So during compilation phase compiler converts Integer a = 1000, b = 1000; to Integer a = Integer.valueOf(1000), b = Integer.valueOf(1000);.
So it is Integer.valueOf() method which actually gives us the integer objects, and if we look at the source code of Integer.valueOf() method we can clearly see the method caches integer objects in the range -128 to 127 (inclusive).
/**
* Returns an {#code Integer} instance representing the specified
* {#code int} value. If a new {#code Integer} instance is not
* required, this method should generally be used in preference to
* the constructor {#link #Integer(int)}, as this method is likely
* to yield significantly better space and time performance by
* caching frequently requested values.
*
* This method will always cache values in the range -128 to 127,
* inclusive, and may cache other values outside of this range.
*
* #param i an {#code int} value.
* #return an {#code Integer} instance representing {#code i}.
* #since 1.5
*/
public static Integer valueOf(int i) {
if (i >= IntegerCache.low && i <= IntegerCache.high)
return IntegerCache.cache[i + (-IntegerCache.low)];
return new Integer(i);
}
So instead of creating and returning new integer objects, Integer.valueOf() the method returns Integer objects from the internal IntegerCache if the passed int literal is greater than -128 and less than 127.
Java caches these integer objects because this range of integers gets used a lot in day to day programming which indirectly saves some memory.
The cache is initialized on the first usage when the class gets loaded into memory because of the static block. The max range of the cache can be controlled by the -XX:AutoBoxCacheMax JVM option.
This caching behaviour is not applicable for Integer objects only, similar to Integer.IntegerCache we also have ByteCache, ShortCache, LongCache, CharacterCache for Byte, Short, Long, Character respectively.
You can read more on my article Java Integer Cache - Why Integer.valueOf(127) == Integer.valueOf(127) Is True.
In Java the boxing works in the range between -128 and 127 for an Integer. When you are using numbers in this range you can compare it with the == operator. For Integer objects outside the range you have to use equals.

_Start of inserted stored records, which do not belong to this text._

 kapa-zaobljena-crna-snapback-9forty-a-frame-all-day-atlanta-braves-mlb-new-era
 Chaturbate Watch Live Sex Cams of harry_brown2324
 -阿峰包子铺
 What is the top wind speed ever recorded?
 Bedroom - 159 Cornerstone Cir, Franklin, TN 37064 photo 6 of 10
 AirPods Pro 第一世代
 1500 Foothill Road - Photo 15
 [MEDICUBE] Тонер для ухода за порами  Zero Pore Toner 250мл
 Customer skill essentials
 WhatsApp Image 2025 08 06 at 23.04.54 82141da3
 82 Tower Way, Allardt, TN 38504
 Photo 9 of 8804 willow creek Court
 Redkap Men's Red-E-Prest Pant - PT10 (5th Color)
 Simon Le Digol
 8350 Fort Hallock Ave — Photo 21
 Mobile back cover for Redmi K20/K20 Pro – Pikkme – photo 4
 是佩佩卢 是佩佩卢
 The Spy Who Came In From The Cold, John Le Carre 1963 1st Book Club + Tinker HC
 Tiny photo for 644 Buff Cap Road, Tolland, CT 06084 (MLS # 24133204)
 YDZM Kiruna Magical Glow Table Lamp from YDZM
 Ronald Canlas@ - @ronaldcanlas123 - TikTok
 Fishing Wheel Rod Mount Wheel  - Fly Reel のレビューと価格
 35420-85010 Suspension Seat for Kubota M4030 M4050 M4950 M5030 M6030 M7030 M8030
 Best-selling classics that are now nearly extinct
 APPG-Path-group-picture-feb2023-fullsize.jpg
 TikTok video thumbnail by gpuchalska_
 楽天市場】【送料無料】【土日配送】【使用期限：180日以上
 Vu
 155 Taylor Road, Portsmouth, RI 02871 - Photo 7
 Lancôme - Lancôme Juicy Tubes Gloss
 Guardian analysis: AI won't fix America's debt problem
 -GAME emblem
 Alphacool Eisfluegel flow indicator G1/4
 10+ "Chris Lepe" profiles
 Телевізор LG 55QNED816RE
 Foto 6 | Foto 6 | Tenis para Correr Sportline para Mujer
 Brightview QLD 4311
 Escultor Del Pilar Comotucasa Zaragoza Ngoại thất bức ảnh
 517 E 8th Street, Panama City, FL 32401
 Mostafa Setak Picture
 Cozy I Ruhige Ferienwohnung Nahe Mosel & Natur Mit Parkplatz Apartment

If we check the source code of the Integer class, we can find the source of the valueOf method just like this:
public static Integer valueOf(int i) {
if (i >= IntegerCache.low && i <= IntegerCache.high)
return IntegerCache.cache[i + (-IntegerCache.low)];
return new Integer(i);
}
This explains why Integer objects, which are in the range from -128 (Integer.low) to 127 (Integer.high), are the same referenced objects during the autoboxing. And we can see there is a class IntegerCache that takes care of the Integer cache array, which is a private static inner class of the Integer class.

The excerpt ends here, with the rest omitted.